## The problem:
Please retype, word for word, the line containing "Human RPA2 /" and every line after it through the end of the records, leaving out all pictures.

(Data entries)

- - - - -

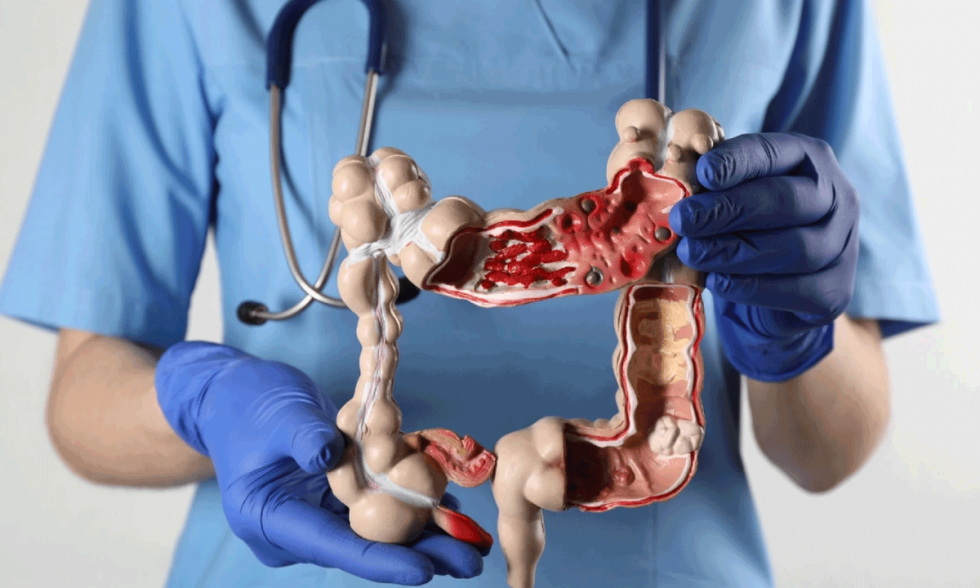 Alarming Rise in Early Stage Colon Cancer in Younger Adults Sparks Global Health Concern
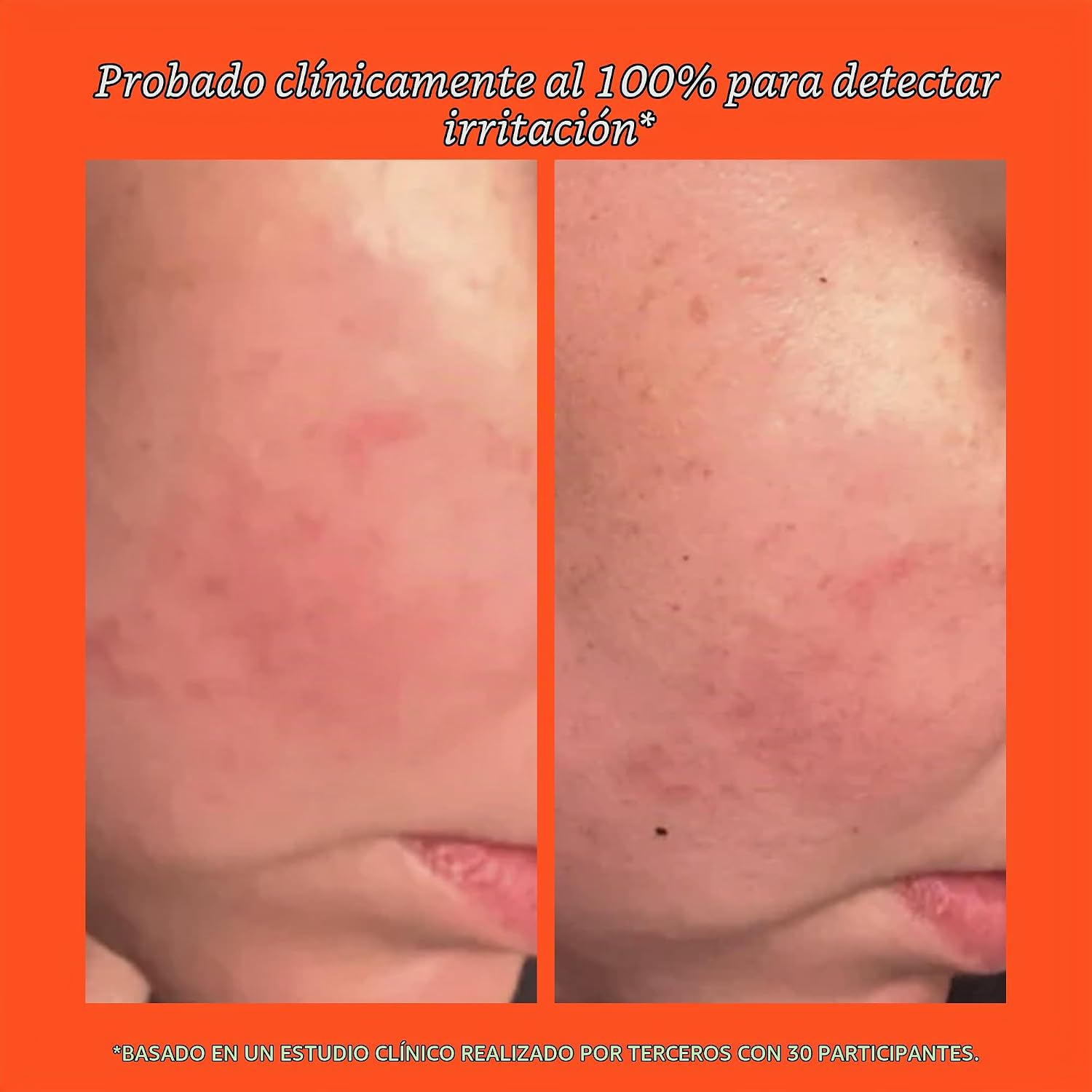 TOWER 28 LIMPIADOR DE GEL SOS REMOVEDOR DE MAQUILLAJE PARA PIEL SENSIBLE, LIMPIADOR FACIAL HIDRATANTE SUAVE EQUILIBRADO - 5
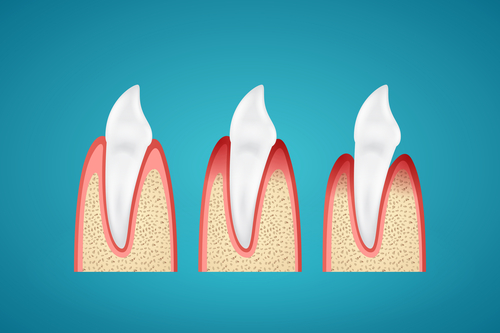 stages of gum disease illustrated
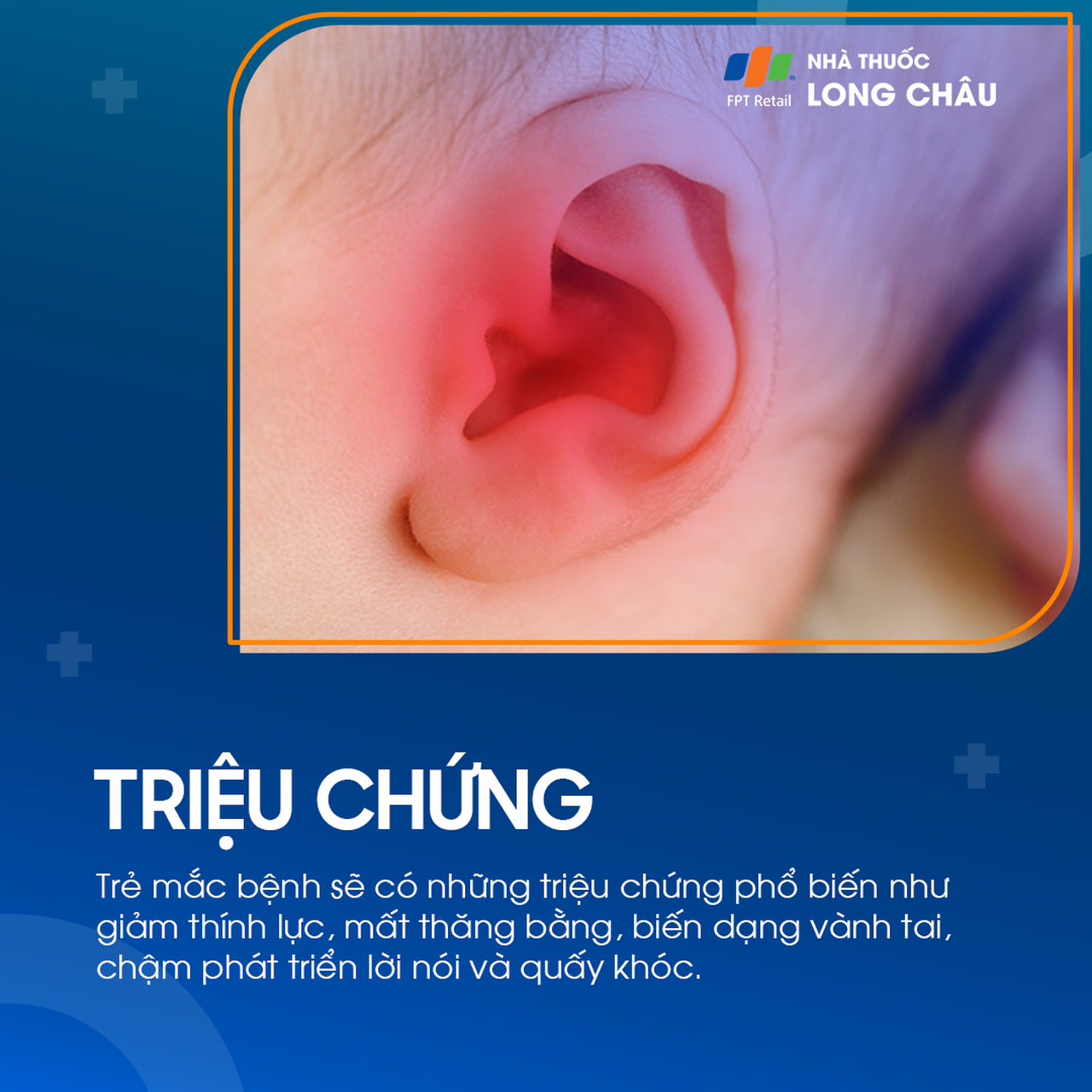 Viêm tai giữa ứ dịch 2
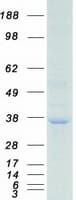 Human RPA2 / RFA2 / RPA34 Protein (Recombinant Myc-DDK (Flag))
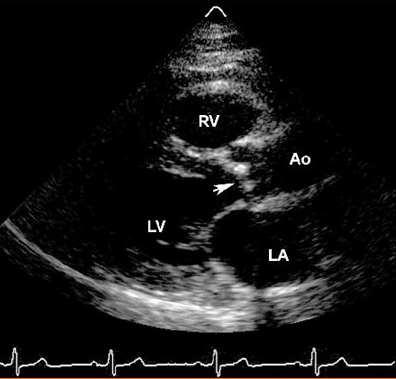 21. ábra: Aorta stenosis echokardiográfiás képe http://www.medscape.com/viewarticle/456334_3 Egy, a balkamrai kifolyótraktusról parasternális hossztengelyi metszetben készült kép.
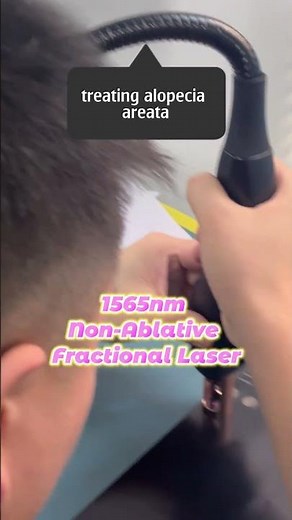 co2 laser machine for skin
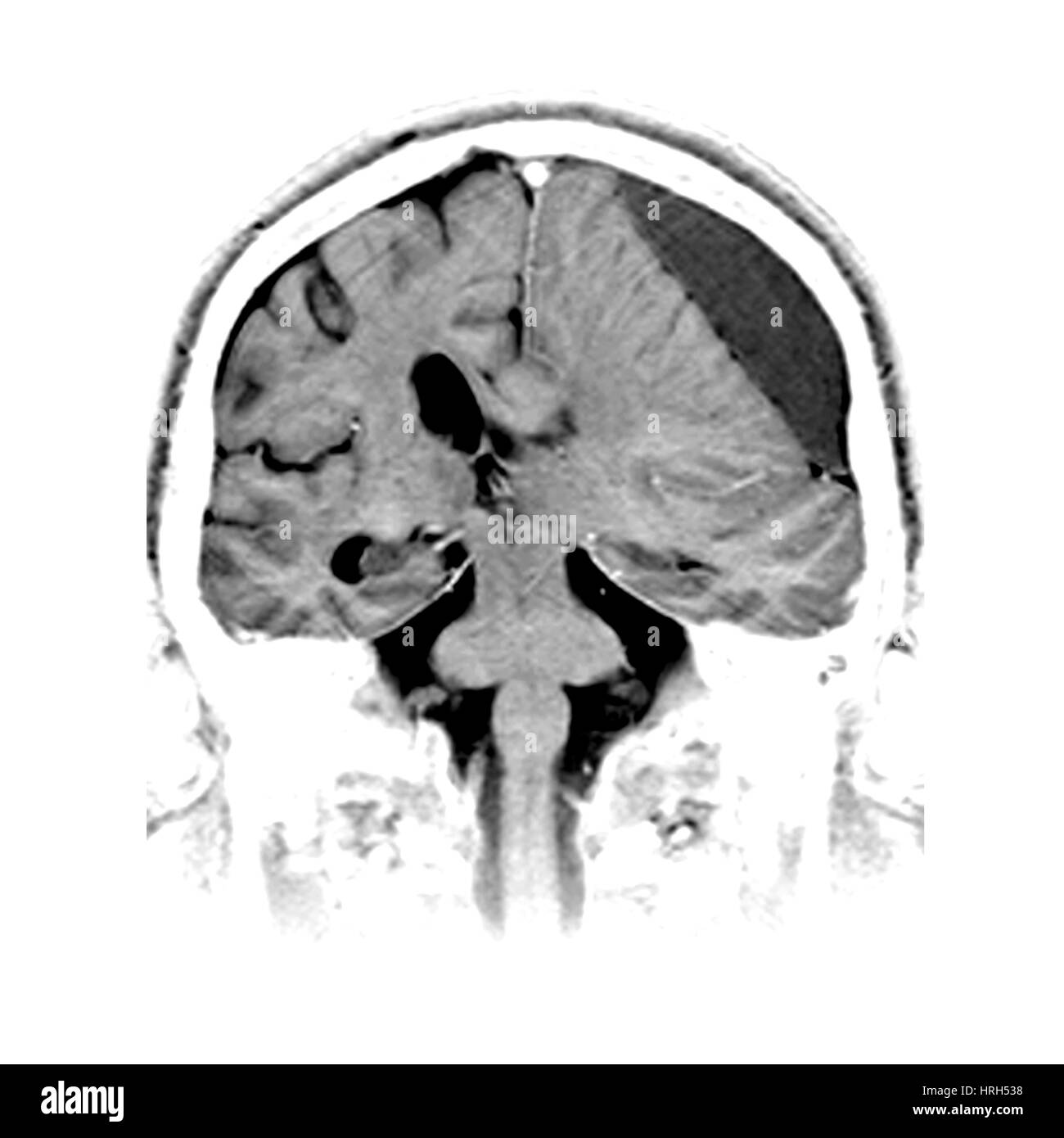 Hematoma subdural Foto de stock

- - - - -

## Expected output:
 Human RPA2 / RFA2 / RPA34 Protein (Recombinant Myc-DDK (Flag))
 21. ábra: Aorta stenosis echokardiográfiás képe http://www.medscape.com/viewarticle/456334_3 Egy, a balkamrai kifolyótraktusról parasternális hossztengelyi metszetben készült kép.
 co2 laser machine for skin
 Hematoma subdural Foto de stock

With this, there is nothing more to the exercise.